AIR Currents

Feb 17, 2021

Editor's Note: Part IV of our Climate Change series took a closer look at how catastrophe modelers have employed climate models to develop large catalogs of potential extreme events and why the limitations of these models in a catastrophe modeling context have motivated AIR to develop a new framework for climate risk modeling. For this fifth and penultimate article in our series, we lay out the framework for overcoming those limitations and arriving at a solution purpose-built for the catastrophe modeling community.

We are honored to have Professor Themistoklis Sapsis as a co-author of this article. Dr. Sapsis is Associate Professor of Mechanical and Ocean Engineering at MIT. He received a diploma in Ocean Engineering from Technical University of Athens, Greece, and a Ph.D. in Mechanical and Ocean Engineering from MIT. Before becoming a member of the faculty at MIT, he was appointed Research Scientist at the Courant Institute of Mathematical Sciences at New York University.
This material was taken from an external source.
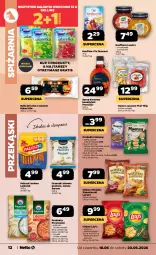 Gazetka promocyjna Netto - Od Czwartku - Gazetka - ważna od 20.06 do 20.06.2026 - strona 12 - produkty: Ser, Ryż, Lajkonik, Gra, Orzeszki, Papryka, Chipsy, Diamant, Chrupki, Wafle, Konfitura, Pizza, Przysnacki, Syrop, Lorenz, Owoce, Orzeszki ziemne, Lay’s, Owoce suszone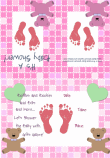 Baby Girl Shower Invitation 2A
He has also been visiting faculty at ETH-Zurich. Prof. Sapsis’ work lies on the interface of nonlinear dynamical systems, probabilistic modeling, and machine-learning methods. A particular emphasis of his work is the formulation of mathematical methods for the prediction and statistical quantification of extreme events in complex engineering, physical, and environmental systems.

This article introduces a new framework for modeling atmospheric perils—one that allows for the creation of very large, global catalogs that capture all types of dependencies, from global teleconnections to local correlations across all weather-related perils, across all regions. Importantly, the new framework will allow us to answer not only today's climate questions, but tomorrow's as well.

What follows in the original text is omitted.